Omit every picture, then return each line of the data below exactly.

Supplied data>
Content starts

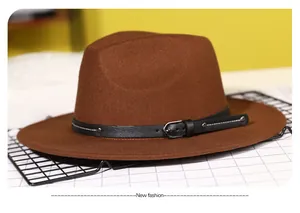 Detailed macro of brown wool fedora hat featuring black leather band and silver buckle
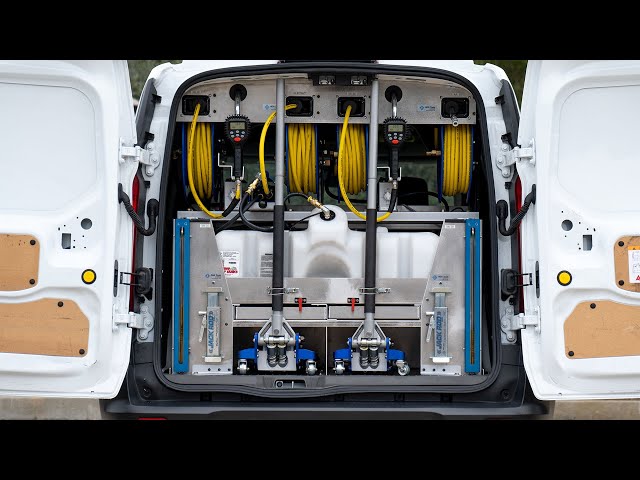 Inside the Oil To Go service van: metered hose reels, jacks, and oil tank, all neatly racked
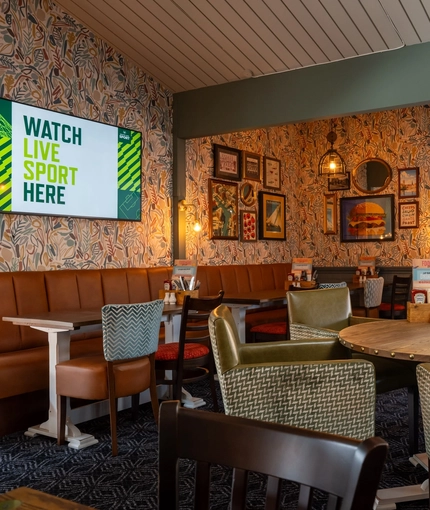 The interior restaurant seating area of The Man On The Moon, with wooden tables, upholstered booth seating, and TVs and framed artwork on the walls.
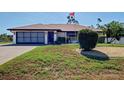 Charming single-story home with a two-car garage, a well-kept lawn, and attractive landscaping at 2194 Abalom St, Punta Gorda, FL 33980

Content ends

Problem solution>
 Detailed macro of brown wool fedora hat featuring black leather band and silver buckle
 Inside the Oil To Go service van: metered hose reels, jacks, and oil tank, all neatly racked
 The interior restaurant seating area of The Man On The Moon, with wooden tables, upholstered booth seating, and TVs and framed artwork on the walls.
 Charming single-story home with a two-car garage, a well-kept lawn, and attractive landscaping at 2194 Abalom St, Punta Gorda, FL 33980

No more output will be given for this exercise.